BACKGROUND: Identifying disease activity in Takayasu arteritis (TAK) is challenging. This study aimed to investigate the value of quantitative characterization with computed tomography angiography in the assessment of disease activity in patients with TAK. METHODS: We retrospectively analysed the data on 162 aortic CT angiography from 140 TAK patients. Patients were categorized based on disease activity according to the National Institutes of Health criteria into two groups: active disease group (n = 65) and inactive disease group (n = 97). RESULTS:Patients with active TAK had a thicker wall compared with patients with inactive TAK (5.2 ± 2.4 mm vs. 2.5 ± 0.8 mm, p < 0.001). The relative post-contrast enhancement ratio of the thickened wall was higher in active TAK than in inactive TAK (1.5 ± 0.3 vs. 1.1 ± 0.2, p < 0.001).

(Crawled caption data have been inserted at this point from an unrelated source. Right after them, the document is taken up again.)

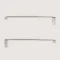 Sarke za laptop HP CQ50 CQ60 15.6INCH.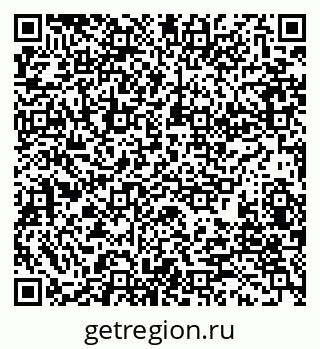 79280169066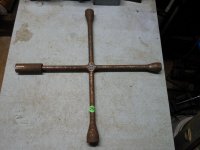 SK Lug Wrench.jpg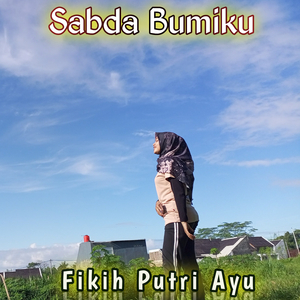 Sabda Bumiku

Given a thickness cutoff of 3.3 mm, sensitivity for active-phase TAK was 83.1%, specificity 89.7%, positive predictive value 84.4%, and negative predictive value 88.8%. With a relative post-contrast enhancement ratio cutoff of 1.2, sensitivity for active-phase TAK was 89.2%, specificity 76.3%, positive predictive value 71.6%, and negative predictive value 91.3%. In receiver-operating characteristic curves comparison, maximal wall thickness and relative post-contrast enhancement ratio were superior to C-reactive protein and erythrocyte sedimentation rate for determining active phase disease (p < 0.05). CONCLUSIONS: Quantitative characterization with CT angiography was a useful tool to assess disease activity in TAK patients. Maximal wall thickness and relative post-contrast enhancement ratio have a high sensitivity and specificity for detecting TAK activity.